Passing the Needles.
OK, I just like nature. The racing was getting too intense.
Finally, Fastnet Rock!! Winds were pretty light and shifty here.
Andy getting the time we passed a specific point.
Yes, we have now passed all those boats…very cool but most are in the slower classes. It does make one feel good to be able to look behind!
No he is not texting, he is checking the course and weather. We are close enough to land to do that and one doesn’t have to run up and down to nav station or shout out.
And there is the boat SPARTAN with Gretchen and Clipper friend Javier on it. They were fortunate that Javier noticed they were going the wrong way as he came up to go on watch in the night. The navigator check and they had to turn around and retrace steps. Probably why we had the pleasure of seeing them behind for a bit.
Most of the team once we arrived. Couldn’t round up everyone due to beer line.Maggie, Judy, Andy, Tony, Anders, Me and Chris
And a chance to see favorite clipper buddy Javi (and later met up with Clipper buddy Craig) and Gretchen.

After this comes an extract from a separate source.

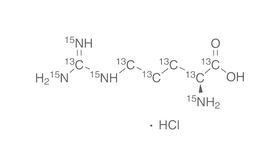 L-Arginin <sup>13</sup>C<sub>6</sub><sup>15</sup>N<sub>4</sub> Monohydrochlorid, 100 mg, Kunst.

Gretchen and me with my coke! Love those boots!
Going back to Gosport. Awesome skipper Andy and 1st mate Judy with me at the helm
Our final team. Chris, Tony, Richard, Andy, Anders, Denise, Maggie, Judy, Helen and me. Kathy was with her mother in intensive care and Nick home with bruised ribs from the Channel race.
What I learned in History!! Why would there be both an American flag and a British flag at this location in Plymouth??
Turns out the Mayflower loaded up and sailed from here in July 1620 to America. The Pilgrims are on the way.
What else did I learn? Never to think that a big spinnaker would gybe like a J22 chute. You know, just ease a little and let it float around? HaHa! When you release the line from the winch, let go!!!!!
So the Fastnet Saga is done. Next up will be training for 17-18 Clipper Round the World Leg 8 and Day Skipper Practical.
There will always be a beautiful sunset!
3 thoughts on “Life including Clipper Summer of 2017 and a Few More Sailing Adventures!”
Wishing you many more beautiful sunsets on the horizon, Linda…
AND keep your safety gear updated and in good working order!!
I’m loving your blog posts Linda. What an exciting life you live!! And wet, cold, cramped and painful sometimes… that shot of your damaged hand was hard to see. I hope it healed well and won’t affect your drumming future. John and I are counting on you going to Normandy with us and LHAB in June 2019.
Linda…loving every minute of this. Sail on and no more blistered hands.